He used a wooden plank to cross a huge puddle behind the building, went around the mound of empty tin cans, squeezed through a crack in the wooden fence, and went into the Administration building through the service entrance. The hallways were cold and dark, and the place smelled of tobacco, dust, and old paper. There was no one around, and he couldn’t hear anything through the faux leather upholstered doors. Peretz walked up the narrow stairs to the second floor, holding on to the dingy walls since there was no railing, and walked up to a door beneath a flashing WASH YOUR HANDS BEFORE WORK sign. The door was adorned with a big black M. Peretz pushed the door open and felt a certain astonishment upon finding himself in his office. The office wasn’t actually his, of course—it belonged to Kim, the head of the Scientific Guard—but that was the office in which Peretz had a desk, and this desk now stood along the tiled wall on one side of the door. As usual, half of the desk was occupied by the Mercedes arithmometer, which was still beneath its cover. Meanwhile, Kim’s desk now stood by the large, clean window, and Kim himself was already working: he was sitting, hunched over, and examining a slide rule.
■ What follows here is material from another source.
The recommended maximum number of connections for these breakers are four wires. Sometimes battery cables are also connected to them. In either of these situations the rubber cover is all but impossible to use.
“I wanted to wash my hands,” Peretz said, bewildered.
“Wash away, wash away,” Kim said, nodding. “There’s the sink. This will be very convenient. Now everyone will come visit us.”
Peretz went up to the sink and began to wash his hands. He washed them with cold and hot water, two types of soap, and a special grease-absorbing paste; he scrubbed them with a loofah and with an assortment of brushes of varying stiffness. Then he turned on the electric dryer and held his damp pink hands in the whistling stream of hot air.
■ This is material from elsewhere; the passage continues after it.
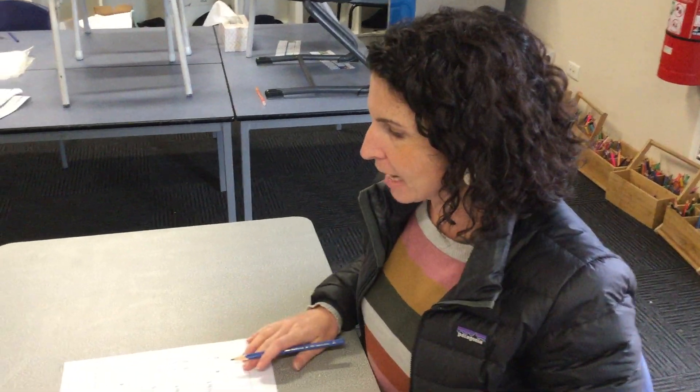Hi preps and welcome to maths for Friday, the last day of the week. You're probably feeling a little bit tired. We've been doing lots of ordering this week — counting forwards and backwards from 1 to 10, and also working on what comes before, what comes after, and what goes in the middle.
“At four in the morning, they announced that we were being transferred to the second floor,” Kim said. “And where have you been? With Alevtina?”
“No, I was at the precipice,” said Peretz, sitting down at his desk.
The door opened, and Proconsul rapidly walked into the room, gave a friendly wave of his suitcase, and disappeared behind the curtain. They heard the creak of the stall door and the click of the bolt. Peretz took the cover off the arithmometer, sat motionless for a moment, then walked over to the window and threw it open.
You couldn’t see the forest from here, but the forest was present. It was always present, although you could only see it from the cliff. If you were anywhere else in the Administration, it was obscured by something. It was obscured by the cream-colored buildings of the engineering workshops, and by the four-story garage that housed employees’ personal vehicles. It was obscured by the stockyards of the subsidiary farms, and by the clothes hanging by the laundromat, whose dryer was constantly broken. It was obscured by the park with its flower beds and pavilions, its Ferris wheel, and its alabaster statues of bathers, which were now completely covered in scribbled graffiti. It was obscured by the villas with their ivy-covered porches and their television antennae. And from here, a window on the second floor, you couldn’t see the forest because of the brick wall—as yet unfinished, but already quite tall—that was being constructed around the flat one-story building of the Penetration Through Engineering Team. You could only see the forest from the cliff, but you could only defecate on the forest from the cliff, too.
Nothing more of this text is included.